Além do mais, o João cozinhava – «coq au vin», em terra de sardinhas assadas -, corria a avenida de Lagos ao volante de uma desvairada BSA, sem capacete nem limites de velocidade, fotografava a preto-e-branco todos os amigos que entravam em casa, com a fidelidade irreparável de uma Leica, fumava, conversava e dizia coisas inesperadas. À sua volta flutuava uma eterna nuvem de pó branco, que era o que ele trazia de volta do seu excessivo corpo a corpo com esse bloco de mármore que viria a ser o meu tão íntimo, tão próximo, tão desumanamente belo D. Sebastião da praça central de Lagos.

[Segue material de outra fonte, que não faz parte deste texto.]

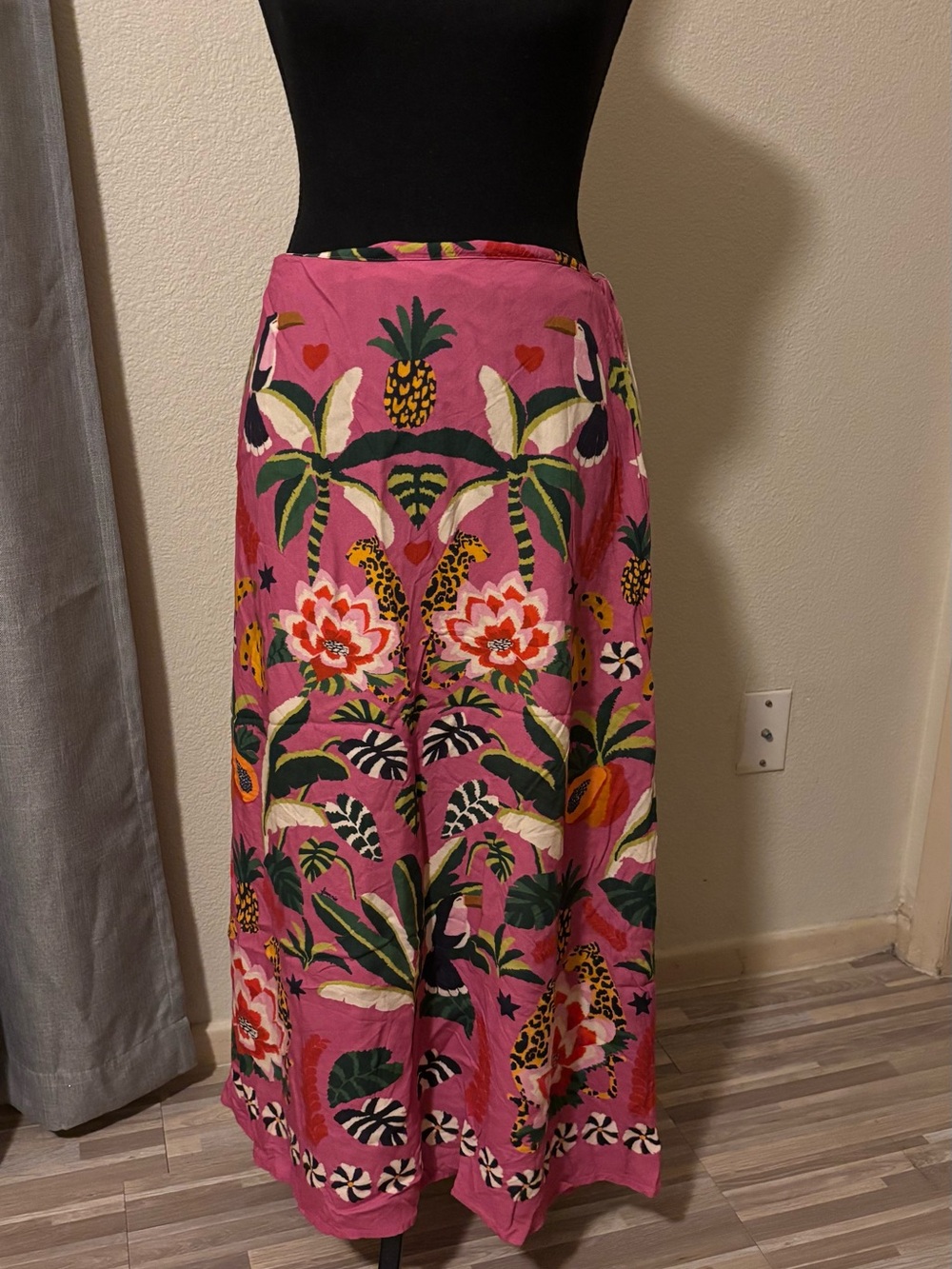 FARM Rio Pink Tropical Maxi Skirt with Green Botanical Print - Picture 4 of 12
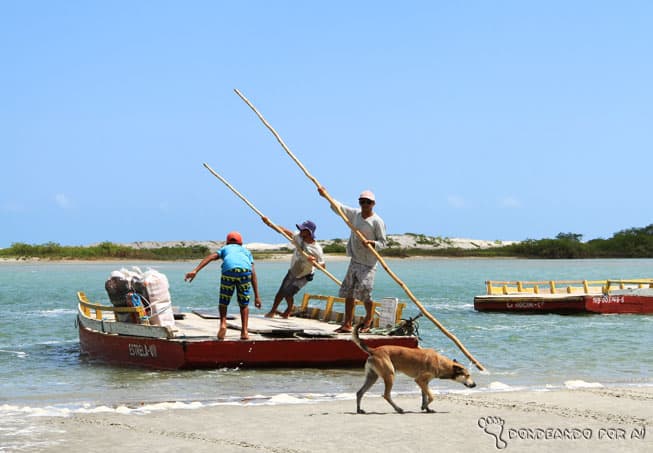 Atravessar o rio em jangadas - é ou não com emoção? (Crédito da foto: Clarissa Donda)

Dezenas de anos passaram, desde então. Milhões de metros cúbicos de pedra domesticada nas suas mãos. Horas e dias e anos e eternidades de mármore para sempre quietas nos gestos que ele desenhou. E tardes e noites, desde então, passados no pátio de minha casa, ouvindo o som da água correndo pela bica que ele construiu, olhando o pássaro negro que ele esculpiu, eternamente buscando a frescura da água, verdade imanente de todas as coisas.
Também outras casas passaram, desde então. E outras cidades, para onde o João fugiu com o seu séquito de estátuas inacabadas, as suas montanhas de pedra por escalar, a sua eterna nuvem de pó sobre a cabeça. No fim de tudo, pagará um preço: estou certo de que será engolido pela pedra que tantas vezes contornou. Entrará pela montanha adentro, encontrará o veio que conduz ao coração do mármore, o silêncio das estátuas que, mais do que tudo, procurou. Habitará no corpo de D. Sebastião e a sua sombra no chão da praça, haverá uma nuvem de pó sobre a cabeça e um secreto sorriso de vampiro no rosto do jovem rei, pairando sobre a indizível alegria de todas as coisas.
Eis o que eu posso dizer do João Cutileiro: tenho um amigo que se transformou em pedra, mora numa nuvem de pó, desce ao longo do corpo das mulheres, faz de lua numa paisagem do Alentejo, transforma-se em pássaro que bebe nas fontes, engoliu o coração de um rei morto sem sepultura, fingiu-se flor e fauno, mergulhou no mar e disfarçou-se de alga e de polvo, entrou nas coronárias de mármore de uma montanha e foi mineiro, fechou-se numa casa branca com um portão verde e mora no fundo de um quintal entre guerreiros de pedra e plantas de cristal, mulheres de olhos oblíquos e corpo tenso, e outras sombras e sinais de um indecifrável silêncio.
Miguel Sousa Tavares – Não te deixarei morrer David Crockett – “O João Sebastião”, páginas 173/176, 2016, Edição Clube do Autor, S. A.